The Care Act, which came into force in April 2015, has the potential to transform the support given by councils to any unpaid carer living in their area. It gives every single carer the right to have an assessment of their needs and places a duty on council to ensure they are doing all they can to protect carers health and wellbeing. It’s a legal recognition of the immense value and contribution made by England’s team of 5.5 million unpaid carers.

Purpose of our report

That is why Carers Trust is so anxious to ensure that councils follow the letter of the law, implement the new changes, and give carers the rights they deserve. We wanted to establish exactly what councils are doing to meet their new duties to carers.

What we did

We sent out Freedom of Information requests to all councils with responsibility for social care in England asking them about their plans to meet their new duties to prevent carers from developing a need for support.

We’ve compiled all those responses together into a report which analyses how well councils are meeting their new requirements.

Download the full report

Our key findings

  • Councils are still developing their approach to prevention.

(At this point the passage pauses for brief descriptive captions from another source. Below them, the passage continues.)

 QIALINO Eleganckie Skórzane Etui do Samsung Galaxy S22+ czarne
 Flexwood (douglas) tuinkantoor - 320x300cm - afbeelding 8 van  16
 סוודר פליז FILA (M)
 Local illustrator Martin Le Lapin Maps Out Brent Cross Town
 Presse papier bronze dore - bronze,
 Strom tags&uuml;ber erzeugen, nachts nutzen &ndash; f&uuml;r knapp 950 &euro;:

Just 27 councils (20% of respondents) mentioned a “Prevention Strategy” or “Prevention Approach” in their FOI responses. Of those, 13 are still developing their strategies.
  • Prevention strategies are not targeted at carers. Of the 27 councils that mentioned a “Prevention Strategy” or “Prevention Approach”, 11 (40%) made no reference to carers. 
  • Prevention policies lack a strategic approach. Although councils were able to list a range of support services, it was difficult to distinguish from the FOI responses we received a clear overarching prevention strategy that can target and support carers depending on their level of need.
  • Prevention policies are not carer-specific: Only 7% of councils mentioned a “Carers Strategy” and throughout it was difficult to distinguish between the services being provided by councils to support the population in general from those designed specifically for carers.
  • Councils are not proactively identifying carers. Only 13% of councils mentioned that they are doing work to identify carers

Our primary recommendations

  • All councils should consider adopting a new “prevention strategy” which fully takes into account the new duties created by the Care Act.
  • That strategy should be developed in partnership with third and voluntary sector organisations and through consultation with carers and their representatives.
  • Prevention plans must contain specific details on what councils will do to identify, target, and support carers depending on their different levels of need.
  • In commissioning prevention services, councils must ensure that their local market of support is sustainable and offers choice to carers, reflecting the fact that carers of different ages and backgrounds will have different needs for support.